# With a Regulatory Regime That Freely Accomodates Housing Construction, Lower Interest Rates Drive Down Rents Instead of Driving Up the Price of Homes

In my travels to the central banks of many countries, when I dig into concerns about financial stability, I often find that the biggest financial stability worry associated with low or temporarily negative interest rates is about the effect of low interest rates on the price of houses in the capital city or other major cities. Let me analyze this issue.

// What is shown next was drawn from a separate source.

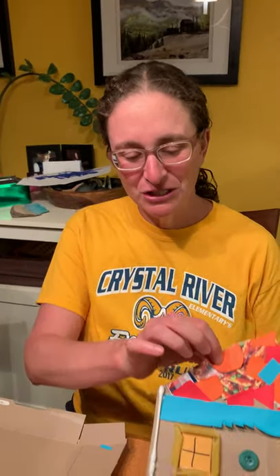Well, today you're going to be an architect and design a new house. So here's my finished house.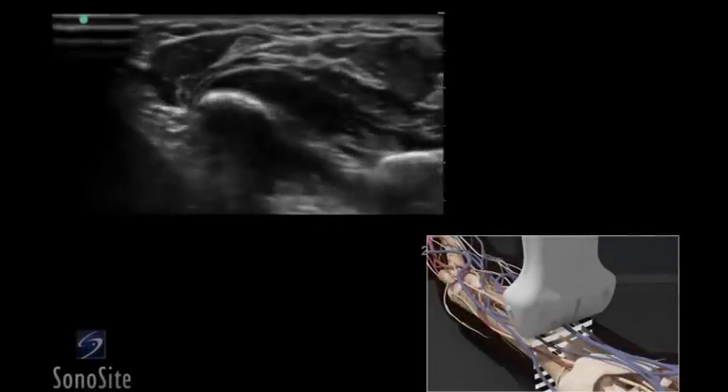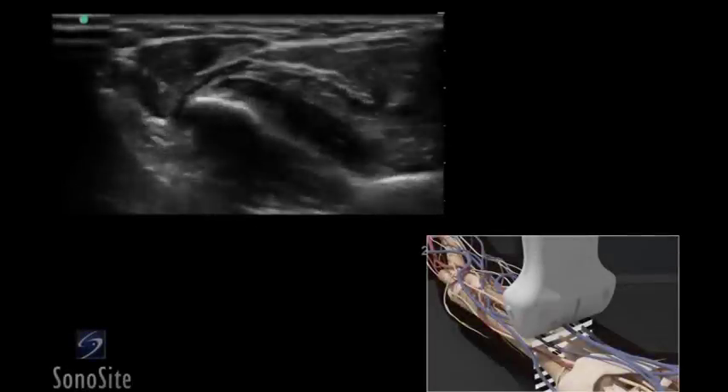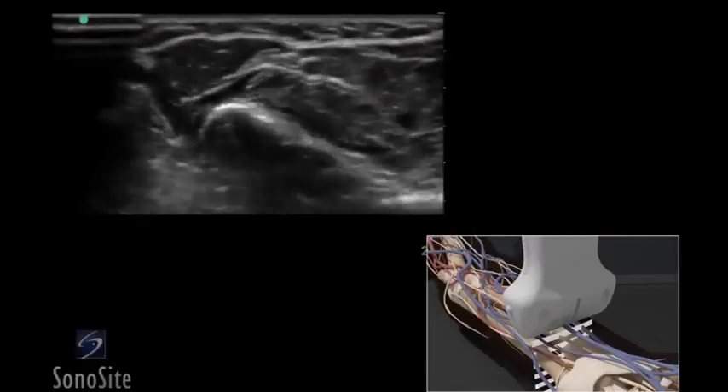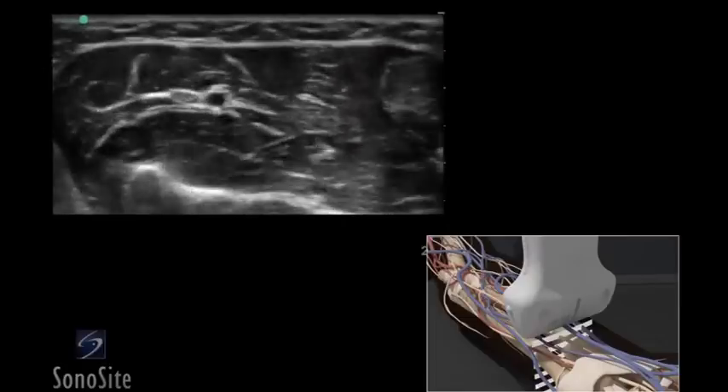A linear array transducer with a nerve exam type is used to perform a median and ulnar regional nerve block. The target depth is approximately 1 to 2 centimeters in an 80-kilogram adult.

The simplest case is when the anticipated real interest rate *r *is constant from now on and there are no tax complications. Suppose also that the home will last forever if appropriately maintained, with anticipated *Rent* and *Maintenance* constant from now on. Then the price *P *based on these anticipated values should be

* P = *(*Rent* - *Maintenance*) / r

If no additional construction is allowed, and the economy is fairly static even after the interest rate changes (say because of a changed desire for saving), *Rent *and *Maintenance* should stay close to the same, so *Price *should go up when *r *goes down.

But if construction is freely allowed within certain parameters–say along the lines I propose in “Density is Destiny,” which makes land costs small relative to the physical cost of building, than in the long run, the price of a home must equal the cost of constructing, say, the floor of the building corresponding to that home. With *P *a constant, it is useful to rearrange the equation above to

*Rent* = *Maintenance +**r P*

Thus, for example,

- If, in the long run, the real interest rate is a small positive number in relation to the standard construction price of a home, than rent should be a little above maintenance.
- In the limit, as the real interest rates goes down toward zero, rent should just equal maintenance.
- If, in the long run, the real interest rate is negative, then the equation seems to say that rent should be below maintenance. But the equation doesn’t really work when the long-run real interest rate is negative, since if rent were below maintenance, the home would be a burden rather than a benefit, and no one would pay anything for it. In other words, the price is equal to the cost of building a home
*as long as it is worth someone’s while to build one.*But if rent were below maintenance in the long run, no one would build one. On the other side, note that the interest rate on an infinite-term bond–a consol–can never be negative in equilibrium. If I give you money and can never demand anything back other than interest, having a negative coupon payment where I pay you would mean I have only give you money and you never give me anything back. I won’t do it. So at a minimum, negative interest rates must either be temporary or include either some return of the principal within finite time, or an option to demand the principal back at some finite time.

If the interest rate is expected to move around, the same essential principles apply. For fixed rent and maintenance–corresponding in my simple example to a prohibition against new construction–any path of lower interest rates raises the present value of a home, so the price of a home goes up. For a fixed price of a home–corresponding in my simple example to a policy very favorable to new construction–almost any path of lower interest rates will lead to more construction and lower rents.